Y luego fuimos al Oceanográfico y estaban todas las fantasías de los mares en varios pisos que descendían, como si uno bajara hasta las entrañas del mar, y había esponjas que latían sin fin con todos los matices, y había infinidad de bichos raros que parecían sacados de todos los cuentos, y ella hacía fotos como una niña saltando pensando en regalarle seres a un niño de diez años en Colombia, y estaban todos los grados y todas las clases de la vida, y ese parir onírico de formas infinitas que se esconden en el mar. En un país tan pequeño, en un edificio grandioso que descendía como un acantilado al borde de otro acantilado sobre rocas temibles, estaban todas las creaciones de todos los mares. Visitar aquel país diminuto era entonces visitar los secretos del mundo entero.

Y luego había unos jardines laberínticos y cuidadísimos que estaban llenos de esculturas y de árboles raros. Y uno tenía visiones detrás de ramas o de estatuas en las que el mar parecía esconderse como una invención cálida, como una imaginación íntima. Nos quedamos mirando la estatua de   Andrómaca que se volcaba trágicamente en el pecho de Héctor, para decirle que no se fuera, que no saliera a pelear con los griegos. Pero era algo trágico, porque todos sabíamos que Héctor iba a salir, que no tenía más remedio que salir, y que los griegos lo arrastrarían muerto delante de los muros de Troya. Y que Andrómaca ya lo sabía y por eso se apoyaba desesperadamente en el pecho de Héctor para prolongar los instantes. Y era también como si Mónaco fuera una pequeña Troya de intimidad y de magia que se escondiera de todas las asechanzas del mundo y de la historia y quisiera mantenerse en su soledad, prolongar desesperadamente sus momentos y su belleza. Y nosotros estábamos allí participando de esa intensidad, identificándonos con Andrómaca. Giorgio di Chirico la había esculpido en el jardín de San Martín como si hubiera comprendido con una lucidez fulgurante, igual que cuando nos daba sus pinturas metafísicas y sus musas inquietantes. Andrómaca era toda la vida que se resiste a salir de los cofres mágicos, porque Mónaco es como un país en forma de cofre.

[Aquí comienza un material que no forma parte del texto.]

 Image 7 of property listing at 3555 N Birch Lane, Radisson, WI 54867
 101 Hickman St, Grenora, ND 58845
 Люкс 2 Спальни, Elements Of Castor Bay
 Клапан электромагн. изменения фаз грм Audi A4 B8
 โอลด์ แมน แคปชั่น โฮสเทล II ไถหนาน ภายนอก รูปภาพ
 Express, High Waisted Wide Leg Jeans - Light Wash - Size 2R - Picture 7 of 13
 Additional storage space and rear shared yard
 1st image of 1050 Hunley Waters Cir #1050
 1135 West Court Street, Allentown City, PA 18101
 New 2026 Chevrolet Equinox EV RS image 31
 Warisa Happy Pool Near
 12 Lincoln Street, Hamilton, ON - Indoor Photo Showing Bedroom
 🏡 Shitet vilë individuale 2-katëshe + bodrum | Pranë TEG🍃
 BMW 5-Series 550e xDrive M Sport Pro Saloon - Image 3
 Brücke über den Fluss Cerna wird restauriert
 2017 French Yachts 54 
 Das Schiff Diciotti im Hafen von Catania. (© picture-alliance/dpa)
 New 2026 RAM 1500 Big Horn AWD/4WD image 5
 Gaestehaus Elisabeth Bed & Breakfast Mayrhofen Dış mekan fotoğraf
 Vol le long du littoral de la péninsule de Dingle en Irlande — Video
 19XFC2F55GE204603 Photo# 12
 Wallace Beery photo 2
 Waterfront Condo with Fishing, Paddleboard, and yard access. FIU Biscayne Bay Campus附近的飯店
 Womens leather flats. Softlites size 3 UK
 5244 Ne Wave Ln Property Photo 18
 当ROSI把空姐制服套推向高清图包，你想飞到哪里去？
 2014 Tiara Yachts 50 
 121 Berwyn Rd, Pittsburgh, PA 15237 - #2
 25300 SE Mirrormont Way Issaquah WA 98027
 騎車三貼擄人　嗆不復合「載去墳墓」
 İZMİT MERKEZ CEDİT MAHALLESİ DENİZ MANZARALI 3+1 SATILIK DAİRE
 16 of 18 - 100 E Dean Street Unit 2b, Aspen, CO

Y luego volvíamos a bajar y veíamos las curvas locas donde corredores legendarios volaban en el rally automovolístico. Y allí Montecarlo ya era otra vida, ya se abría a todas las agresiones de un mundo de autopistas superpuestas, de grandes edificios a los que no se sabe como acceder, de una estación a la que parece casi imposible llegar, porque todo ese mundo está hecho para coches y para ricos, no está hecho para andar como Monaco Ville, es un mundo de velocidad y de especulación y de arrogancia. De modo que para subsistir ese reino en miniatura ha tenido que resumir las agresiones del mundo entero y ha tenido que inventar formas de sacarle dinero a los ociosos. Y Montecarlo te decía como una síntesis de vértigo que es imposible ser solo sueño, que hay darle al césar lo suyo, que no se puede ser solo una película.

Pero para mí el Mónaco encantador es el de arriba, el de Mónaco Ville, el mundo que ha destilado lo más íntimo de otras épocas y sirve para respirar, en el que uno puede quedarse pensando sentando junto a la hiedra al lado de un pozo, ese mundo en el que Apollinaire pasaba su infancia madurando futuras melancolías al lado de su madre que se hacía pasar por aristócrata rusa, que se desataba en fantasías.